= Alijt Bake =

Alijt Bake (born 1415 in Utrecht, died 1455 in Ghent), was a nun and writer, prioress of the Galilea convent in Ghent, Belgium. Among her writings is a spiritual autobiography containing accounts of encounters with Christ.

Bake joined the Galilea convent in 1438. The Augustinian convent was founded in 1431, and joined the Congregation of Windesheim in 1438. When she joined, she was 23 and already experienced enough to have run-ins with the prioress, Hilde Sonterlants, whom she referred to as "Mater Hildegont". She took her vows in 1440, and when Sonterlants died in 1445, Bake was elected to succeed her.
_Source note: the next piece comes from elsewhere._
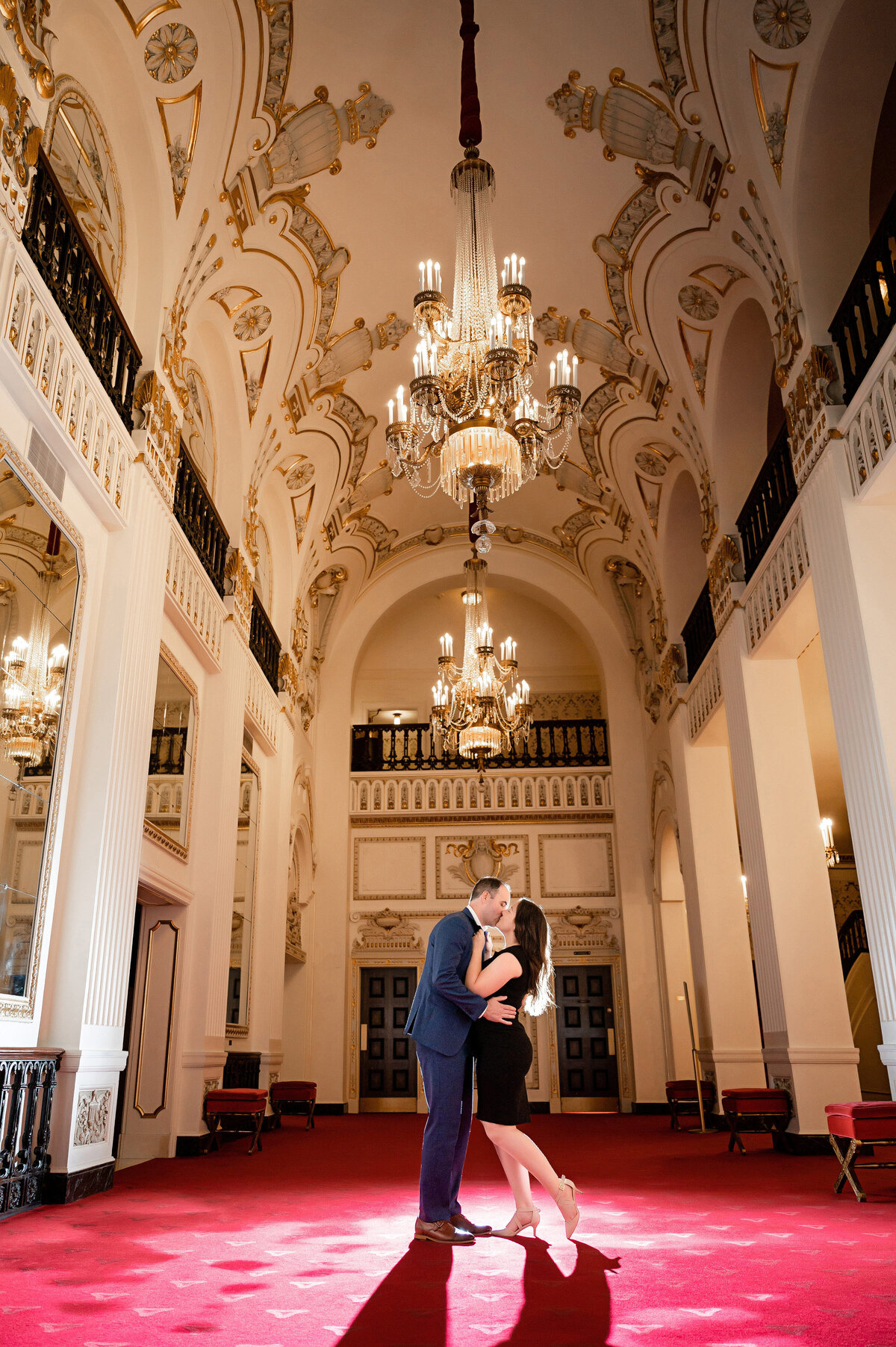 proposal photography heinz hall pittsburgh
Bake's first challenge was how to reinvigorate and reform the convent life. She considered joining the Bethlehem convent in Ghent, which belonged to the Poor Clares and had flourished under the leadership of Coleta von Corbie, but in the end decided to stay and attempt to renew life at Galilea.

The leadership of her congregation deposed and banished her in 1455.

Her De vier kruiswegen, one of many women's texts produced during the Devotio Moderna movement, proposes an Imitatio Christi; the intellect, in the form of believer's soul, will be united with God, while nature, as the believer's body, will be united with the body of Christ.

Her autobiography is held in the State Archive of Ghent.